Urząd kontroli skarbowej pojawił się u urzędniczki oskarżającej Czesława Małkowskiego trzy tygodnie temu. – Przyszli do mnie do pracy. Kiedy zapytałam, jaki jest powód kontroli, odparli, że naczelnik ma takie prawo – opowiada Anna. – Gdy wychodziliśmy z mężem z budynku UKS, powiedzieli nam: – A co pani myśli, my też czytamy gazety...

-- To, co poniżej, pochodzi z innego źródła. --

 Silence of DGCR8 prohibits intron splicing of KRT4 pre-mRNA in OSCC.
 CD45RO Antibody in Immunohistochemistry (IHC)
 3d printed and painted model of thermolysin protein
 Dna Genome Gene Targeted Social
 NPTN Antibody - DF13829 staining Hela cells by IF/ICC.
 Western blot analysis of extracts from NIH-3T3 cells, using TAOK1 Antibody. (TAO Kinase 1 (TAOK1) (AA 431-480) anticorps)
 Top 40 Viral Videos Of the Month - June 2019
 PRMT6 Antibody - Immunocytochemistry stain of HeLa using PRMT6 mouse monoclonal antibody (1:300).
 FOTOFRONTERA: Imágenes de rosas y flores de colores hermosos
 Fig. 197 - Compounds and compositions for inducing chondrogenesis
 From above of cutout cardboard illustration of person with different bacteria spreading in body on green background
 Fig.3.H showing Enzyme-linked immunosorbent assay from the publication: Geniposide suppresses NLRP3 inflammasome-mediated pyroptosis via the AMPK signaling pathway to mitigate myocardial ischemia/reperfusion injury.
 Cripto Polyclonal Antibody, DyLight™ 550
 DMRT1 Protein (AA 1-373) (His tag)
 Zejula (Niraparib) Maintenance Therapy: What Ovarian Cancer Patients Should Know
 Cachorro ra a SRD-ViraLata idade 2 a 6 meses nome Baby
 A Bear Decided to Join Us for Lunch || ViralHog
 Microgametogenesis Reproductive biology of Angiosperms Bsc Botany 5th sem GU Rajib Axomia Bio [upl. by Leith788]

Pełnomocnik Anny Andrzej Rogoyski twierdzi, że kontrola była bezpodstawna.Majątkiem Anny kontrolerzy zainteresowali się w maju, już po wybuchu olsztyńskiej seksafery. Kontrolę zaplanowano na jesień. Co ciekawe, Anna ani jej mąż nie figurują na liście firm i osób fizycznych, które olsztyński UKS planował kontrolować w pierwszym półroczu 2008 r. Instytucja przygotowała taką listę jesienią 2007 r., zanim „Rz” ujawniła, że Małkowski miał molestować pracownice ratusza. – Mamy podpisane porozumienie z izbą skarbową. Zgodnie z nim jesteśmy zobowiązani do przedstawienia podmiotów, które należy skontrolować. Lista musi powstać do końca każdego roku – mówi nasz informator z UKS. – W pierwszym półroczu kontroluje się np. te podmioty, które mogły dokonać jakichś wątpliwych transakcji w pierwszej połowie roku poprzedniego.

Wiosną 2007 r. Anna z mężem kupiła dom od olsztyńskiego dewelopera. Na całość wzięli kredyt. Akt notarialny podpisali na początku maja 2007 r. Czyli majątek Anny i jej męża, jeśli budził jakieś podejrzenia, to zgodnie z procedurami powinien być skontrolowany wcześniej?– Tak – odpowiada nasz rozmówca z UKS.

Czesław Kalinowski, dyrektor olsztyńskiego UKS, zapewnia, że kontrola jest rutynowa. – Nawet nie wiedzieliśmy, kogo dokładnie sprawdzamy. Dowiedzieliśmy się o tym, kiedy dziennikarze zaczęli do nas dzwonić.Sprawdzanie majątku Anny zainteresowało Prokuraturę Okręgową w Białymstoku, która wyjaśnia olsztyńską seksaferę. Odpowiedź UKS nie usatysfakcjonowała śledczych. – Poprosiliśmy o przesłanie szczegółowych informacji – mówi Adam Kozub, rzecznik prokuratury.